Capítulo 4. Eros

1.5K 238 166
                                    

ÁLTER EGO

Hacía dos semanas que había llegado a aquel instituto y, muy a mi pesar, la persona más simpática que había conocido era Apolo Soiledis. Sí, un tío que ni me dirigía la palabra y que a dura penas me miraba por encima del hombre, era el ser más amable que había conocido en aquel lugar. No es que yo fuera la persona más agradable del mundo, pero por Dios, mis compañeros de clase no me dirigían ni un miserable movimiento de cabeza. 

Lo único bueno que podía sacar de esa situación era Cyril... aunque Apolo había enturbiado un poco nuestra relación. Sí, vale, en un principio me había atraído, pero era normal, era un hombre joven y guapo, pero... en fin, era un profesor, ni siquiera yo estaba tan loco como para empezar algo. Simplemente no podíamos hacerlo, él tenía mucho a perder y yo no quería acabar haciendo lo que el desagradable de Apolo había pensado que habíamos estado haciendo. De algún modo no quería darle más motivos para sospechar de nosotros. Por otro lado nos habíamos hecho buenos amigos, al fin y al cabo, le sucedía lo mismo que a mí: nadie en ese instituto se tomaba la molestia de conocerlo. 

La único novedad así relevante era que había estado recibiendo insultos de un grupito de hombretones de último año que pensaban que como el maricón que era no podía pegarles un buen puñetazo. Aún así no les había dado el placer de demostrárselo, me gustaba (y me costaba menos) ignorarlos. Uno de ellos se llamaba Paris, y parecía ser el perro alfa de la manada. 

Y, bueno, lo reconozco, aunque yo lo buscara discretamente, Apolo no me dirigía ni una sola mirada, no me hablaba, y si se cruzaba conmigo en el instituto cambiaba de camino de dirección; ni siquiera disimulaba. No me hubiera importado en otra situación, pero esa era diferente. Me sentía solo, no conocía a nadie y no soportaba la idea de querer pasar tiempo con él, pero ahí estaba, sentado bajo un árbol mientras lo observaba jugar a fútbol en la clase de educación física.

Ni siquiera entonces sonreía. Era el chico de 17 años más serio que había visto en mi vida.

Sabía que tenía algún tipo de rollo con Roxana, la rusa que iba con nosotros a clase de arte. No hacía mucho los había visto salir del baño discretamente uno detrás del otro, pero podía presuponer que tan solo era sexo: en clase la ignoraba. Sentía pena por la chica, su cara de decepción cada vez que la apartaba de su lado en público era dolorosamente real, y lo peor es que me jugaría un ojo a que él era completamente consciente. 

Sabía también que Roxana era considerada un puta. Así es como suelen llamar a las chicas que simplemente disfrutan con el sexo sin compromiso (o que están enamoradas de un gilipollas que las utiliza), según tengo entendido, y detestaba ambas situaciones por igual, detestaba que las personas se tomaran la libertad de etiquetar a una persona con tan poca información o que, simplemente, se creyeran con el derecho de llamar puta a una pobre chica que disfruta de su sexualidad.
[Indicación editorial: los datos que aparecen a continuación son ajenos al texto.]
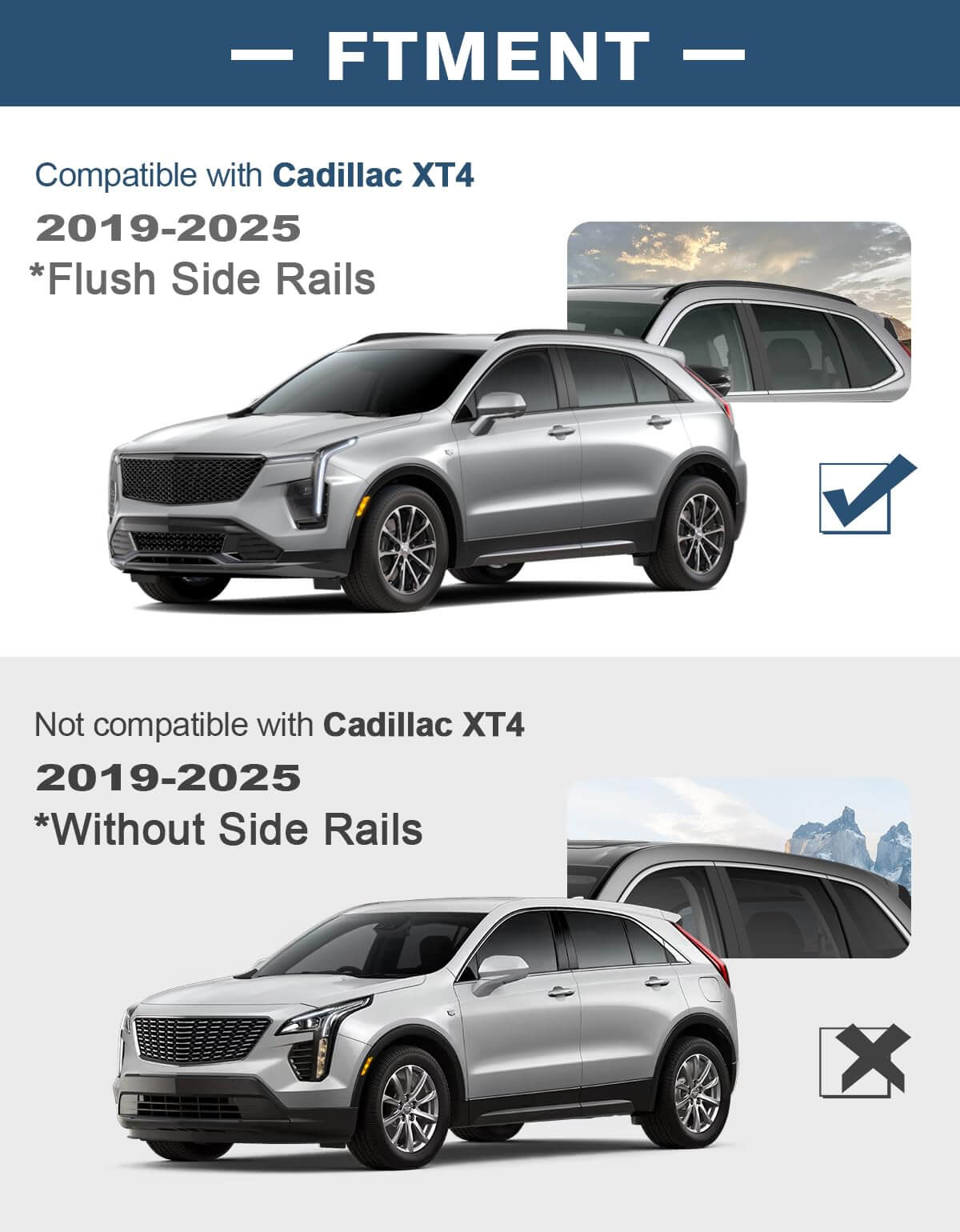 Roof Rack Cross Bars 220lbs Compatible with Cadillac XT4 2019-2025, Heavy Duty All-Metal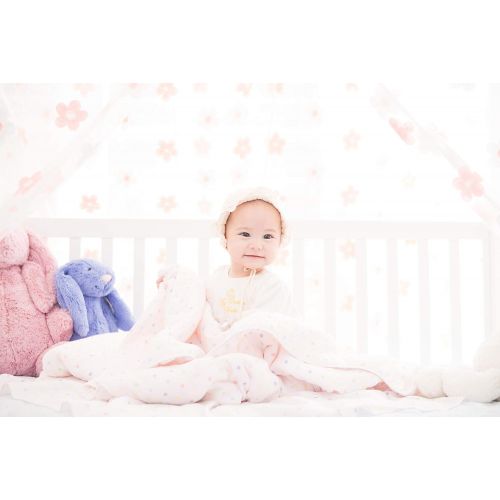  Iflin Baby iflin baby-My Cozy Bamboo Baby Blanket, 2 Layers of Silky Soft Bamboo Muslin with Soft Padding in The Middle, with 2 “Stay on” Straps to Snap with Stroller, Newborn - 2, Cuddly&Flu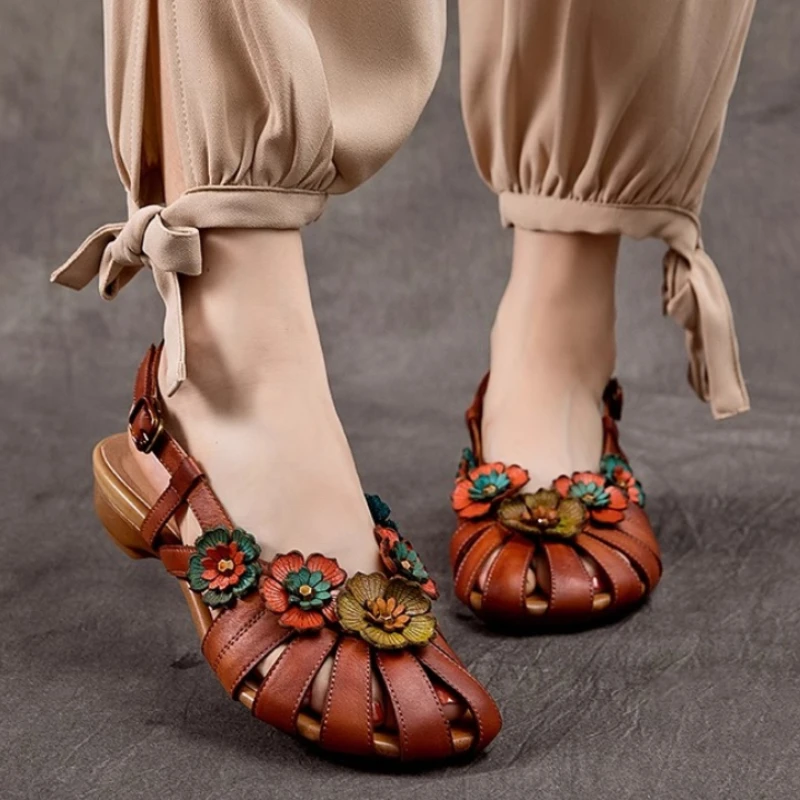 

Designer Flower Women's Flats Sandals Retro Buckle Shoes Summer Classic Slingback Casual Shoes 2025 Walking Cozy Sandalias Mujer
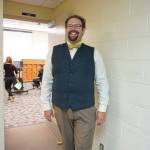 Choir teacher Kyle Schneider greets students at the start of Homer Middle School on Tuesday, Aug. 20, 2019, in Homer, Alaska. Schneider also teaches choir at Homer High School. (Photo by Michael Armstrong/Homer News)
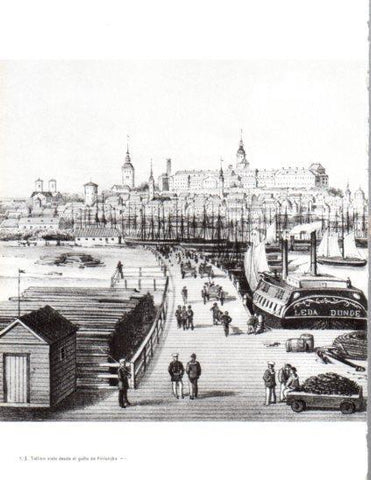 LAMINA V24762: Tallinn. El Puerto sobre 1850, litografia L.H. Petersen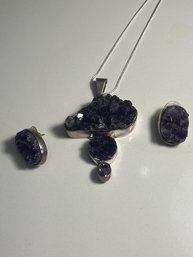 Sterling Silver Amethyst Gemstone Set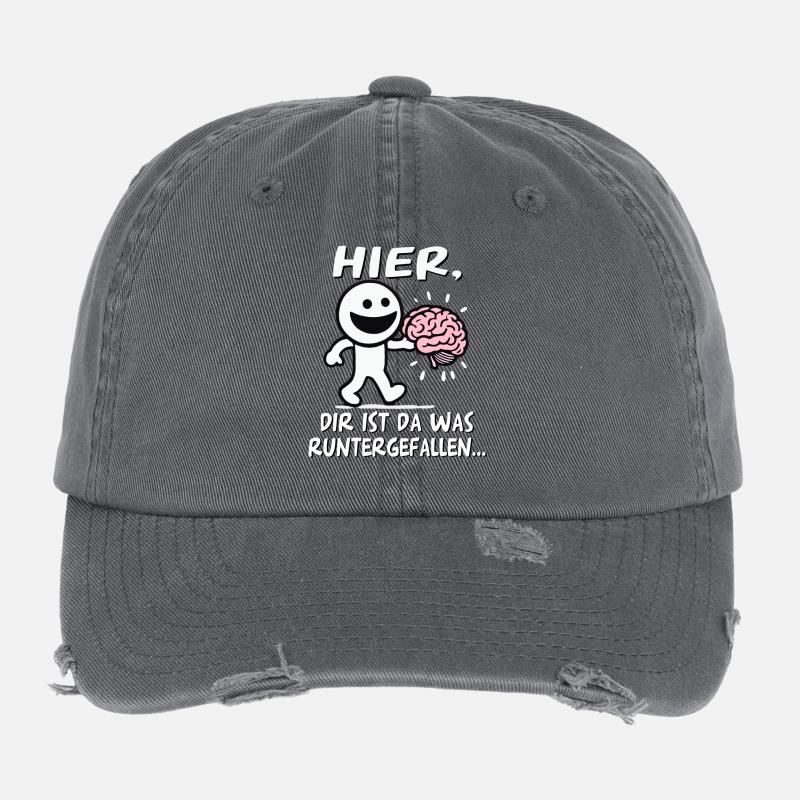 Hier Dir Ist Da Was Runtergefallen Lustiges Gehirn Flexfit Vintage Destroyed Cap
Era una jodida mierda. 

En definitiva estaba aburrido, muy muy aburrido, y eso provocaba que descargara mi exceso de energía mental en Apolo, el único compañero con el que había intercambiado más de dos palabras. 

Era guapo, atractivo, más bien, pero más allá de lo físico había algo en su mirada, algo que me impedía tratarlo como lo que aparentaba ser. Había miedo detrás de esa seriedad, había dudas, recelo, y sabía que en lo más hondo de su ser había un niño asustado, un niño como el que yo mismo había sido yo una vez. Esa clase de niño que sentía no merecer más que aquello que los otros le habían hecho creer que merecía, un niño que deseaba amar y ser amado aunque el resto de dijera que aquello no era posible. Y sentí pena por él, era tan fácil leerlo... Pero parecía que nadie en absoluto se había tomado la molestia de hacerlo.